▸ **DATA**
•••••

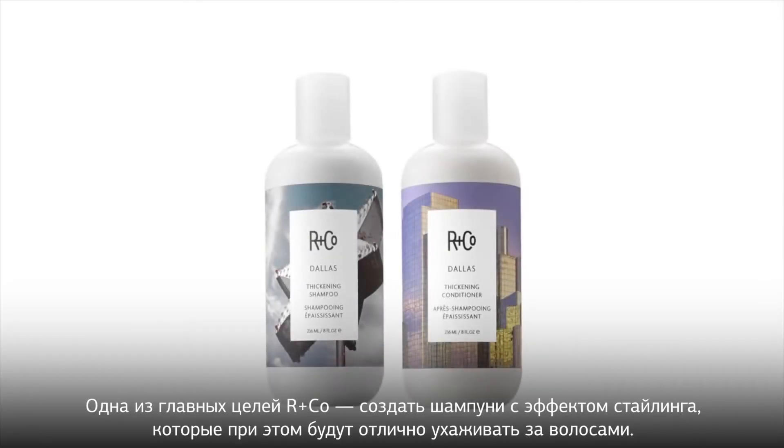One of our first goals when developing the products was to have shampoos and conditioners that wouldn't strip the hair and leave it uncontrollable. We wanted them to be as much a styling product as they were great cleansers and conditioners.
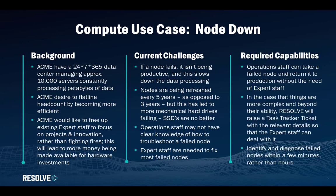Acme require that the operational staff can take a failed node and return it to production as quickly as possible and without the need for expert staff, thereby increasing the efficiency of the data center and lowering the cost of fixing these problems. Acme need to identify and diagnose failed nodes within only a few minutes rather than the current timeframe of hours.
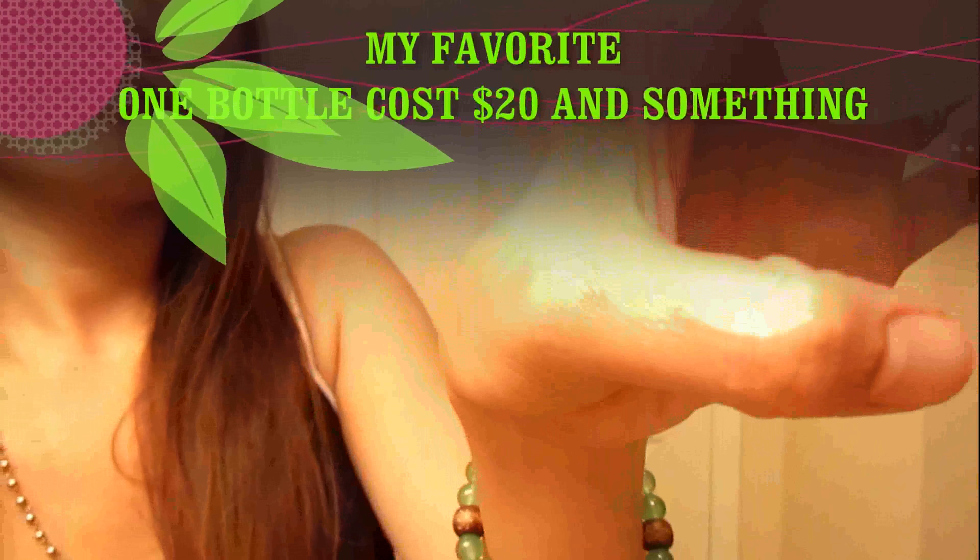Okay, that's about it with the Bio Oil. It cost me twenty-something dollars.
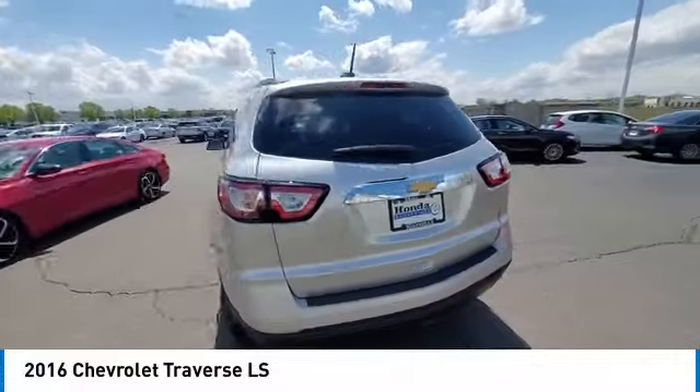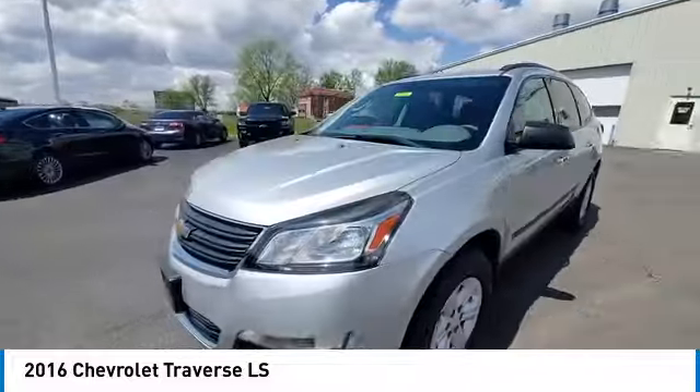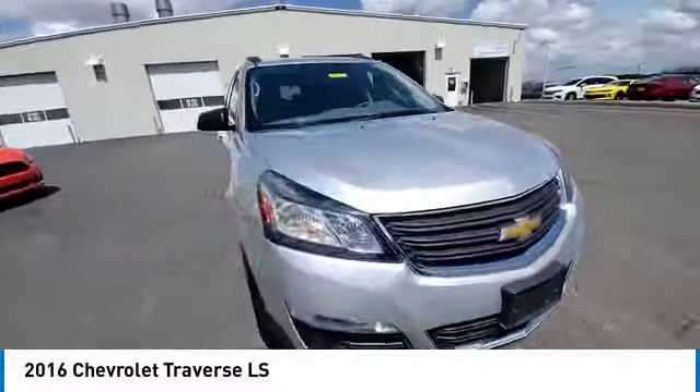Rear window defroster, Sirius satellite radio, security system. If you like it online, you'll love it in your driveway. Take it for a spin today.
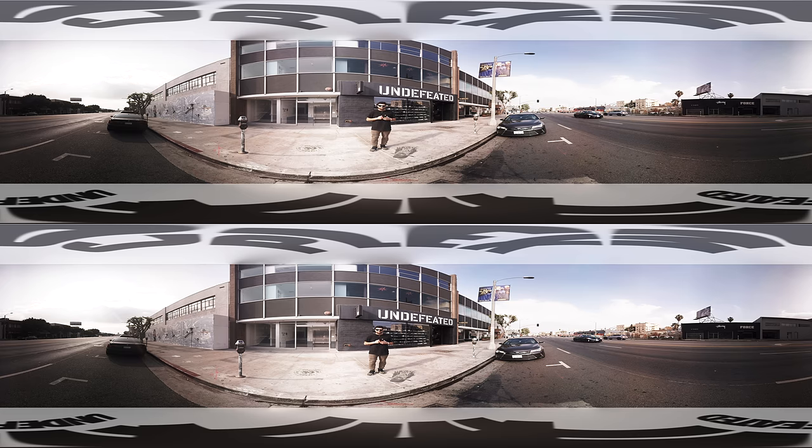What up everybody, it's Joe from Complex. Today we're in LA at Undefeated. It's an iconic spot in sneaker history. Let's head inside and take a look around.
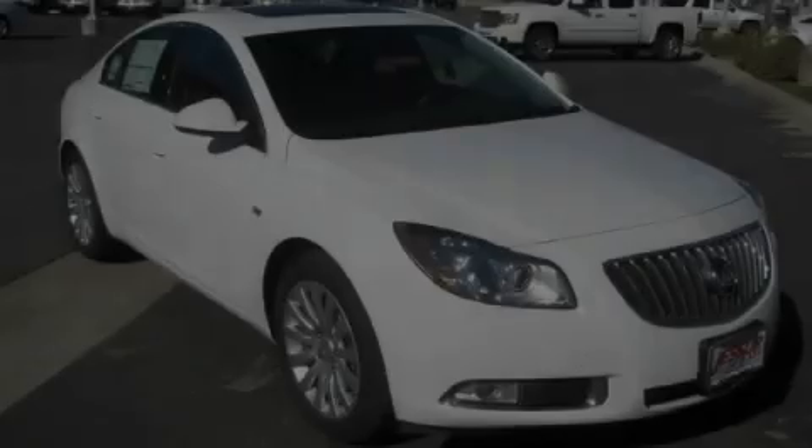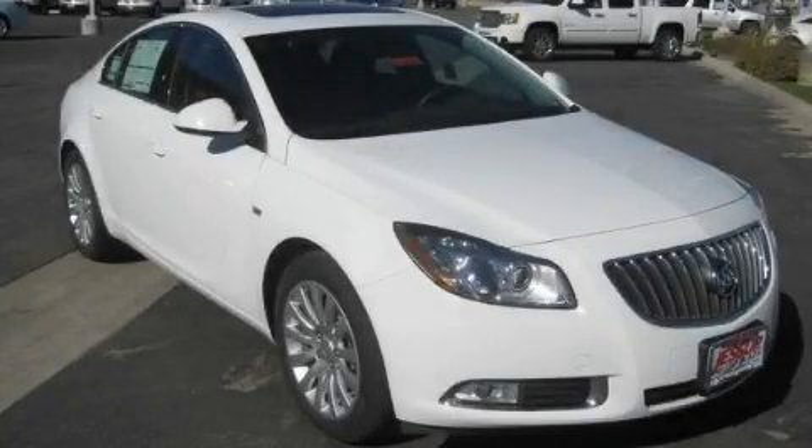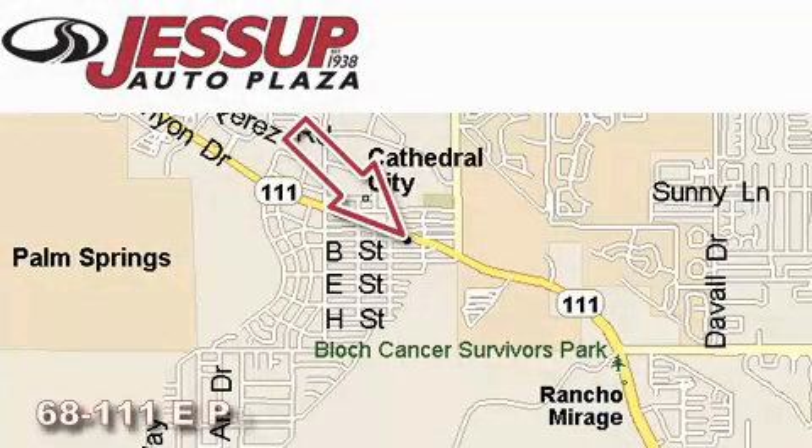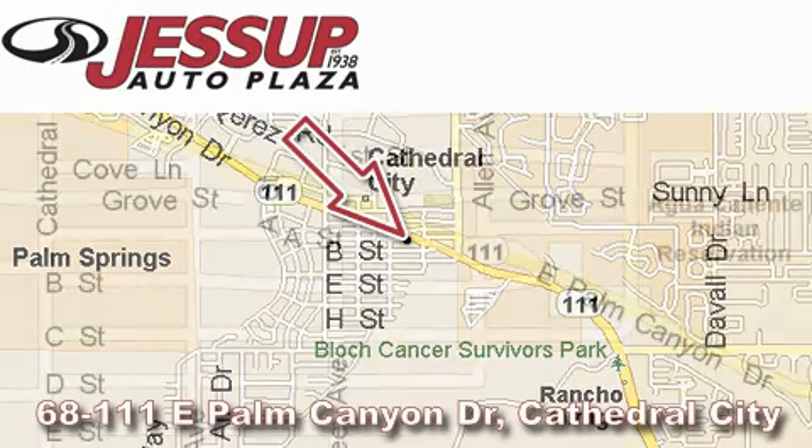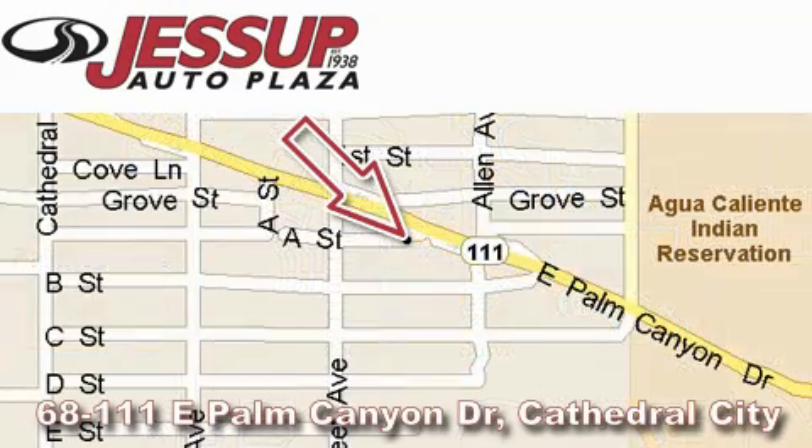Stop by today and test drive this vehicle for yourself. Jessup Auto Plaza is located at 68111 East Palm Canyon Drive in Cathedral City. Our goal is to exceed all of your expectations to ensure that you'll return for future visits.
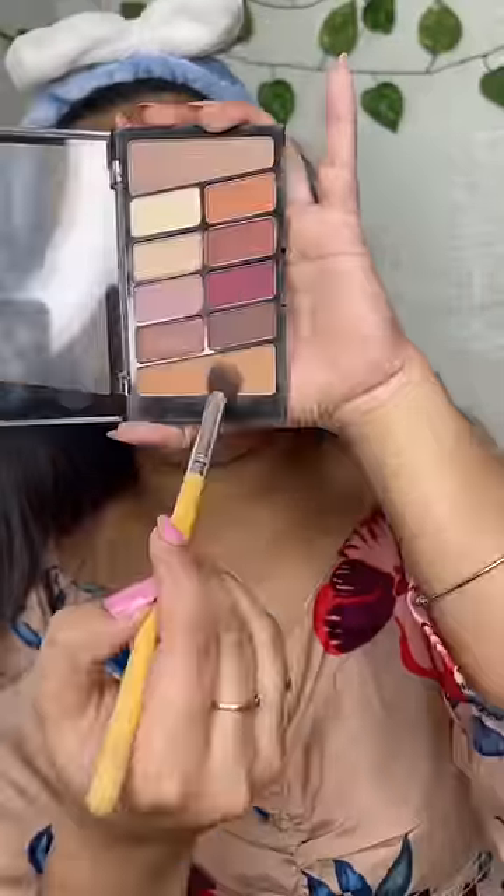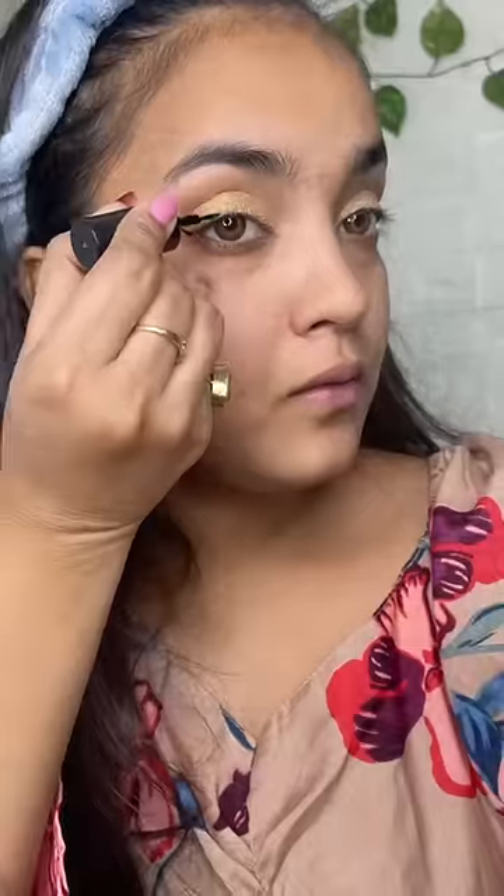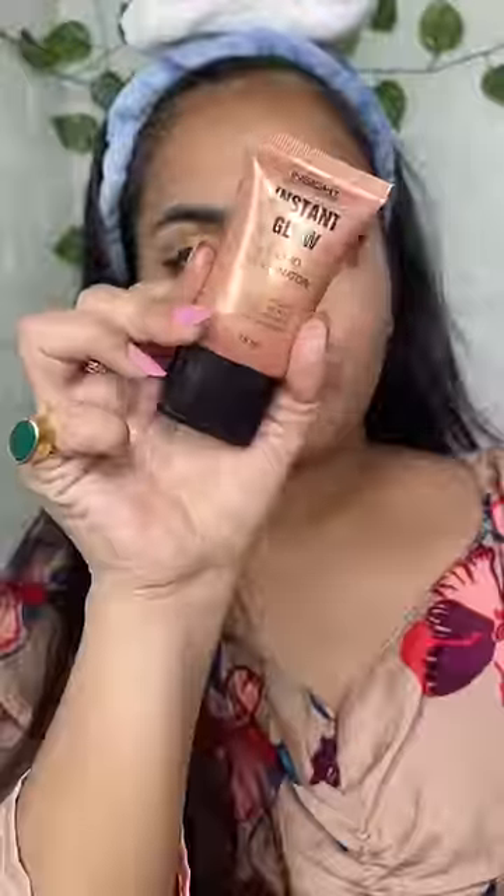Then primer, concealer — I will blend it. Then I will apply a light brown shade. Easy makeup, very simple. It will be in a golden shade. I will apply shimmer and liner. Then I will apply illuminator and blend it with a brush.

•••••

▸ **BRIEF**
Write out exactly the lines from the line that contains "Okay, that's about" through the end of the material, including both ends. No pictures belong in the copy.

▸ **RESPONSE BOX**
Okay, that's about it with the Bio Oil. It cost me twenty-something dollars.
Rear window defroster, Sirius satellite radio, security system. If you like it online, you'll love it in your driveway. Take it for a spin today.
What up everybody, it's Joe from Complex. Today we're in LA at Undefeated. It's an iconic spot in sneaker history. Let's head inside and take a look around.
Stop by today and test drive this vehicle for yourself. Jessup Auto Plaza is located at 68111 East Palm Canyon Drive in Cathedral City. Our goal is to exceed all of your expectations to ensure that you'll return for future visits.
Then primer, concealer — I will blend it. Then I will apply a light brown shade. Easy makeup, very simple. It will be in a golden shade. I will apply shimmer and liner. Then I will apply illuminator and blend it with a brush.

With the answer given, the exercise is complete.